When it comes to your statement of financial performance, one solution doesn’t fit all. In fact, as your business grows, your financial statements should grow as well. The primary purpose of these statements shouldn’t change, which is to provide business owners with actionable information. However, as a business matures, things get complicated, and if your reports are not up to speed, your business will not be able to keep up.

There is no hard and fast rule about the type of financial statements a business should use. Still, when a financial statement report needs to be submitted, some necessary statements are a must. Let’s find out which one are these.

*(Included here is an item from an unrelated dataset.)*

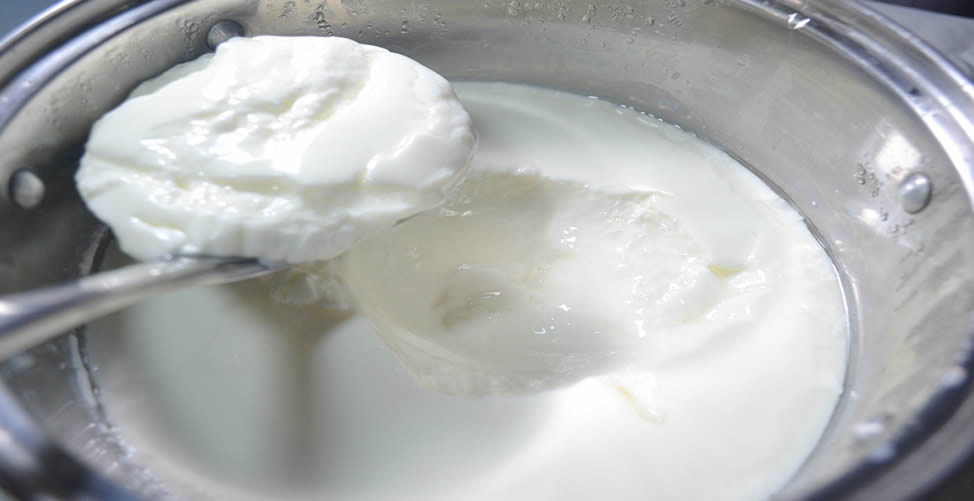 Cómo hacer yogur casero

What are Your Necessary Financial Statements?

P&L Statement

Also, referred to as the income statement, a profit and loss statement reveals the organization’s revenue, expenses, and net income for a particular accounting period. Other information you can get from this statement includes:-

1. Total sales

2. Cost of revenue

3. Taxes paid

4. Interest expense

5. Operating profit

Balance Sheet

Next up is the balance sheet. Perhaps the most important statement of financial performance. It gives a summary of your company’s financial position by revealing its assets, liabilities, and shareholder’s equity. This statement of financial performance provides vital data about everything related to accounting and finance, ranging from accounts receivable, debts, cash & equivalents, long-term investments to retained earnings and number of shares outstanding.

Statement of Cash Flow

Majority of businesses suffer from cash flow issues, mainly because this statement of financial performance is not taken seriously. If you don’t want any signs of trouble in the cash flow, ensure that the statement of cash flow is included in your weekly, monthly, and annual financial statement reports. It shows how your company’s liquid assets (cash and stock) are rising or falling over time. 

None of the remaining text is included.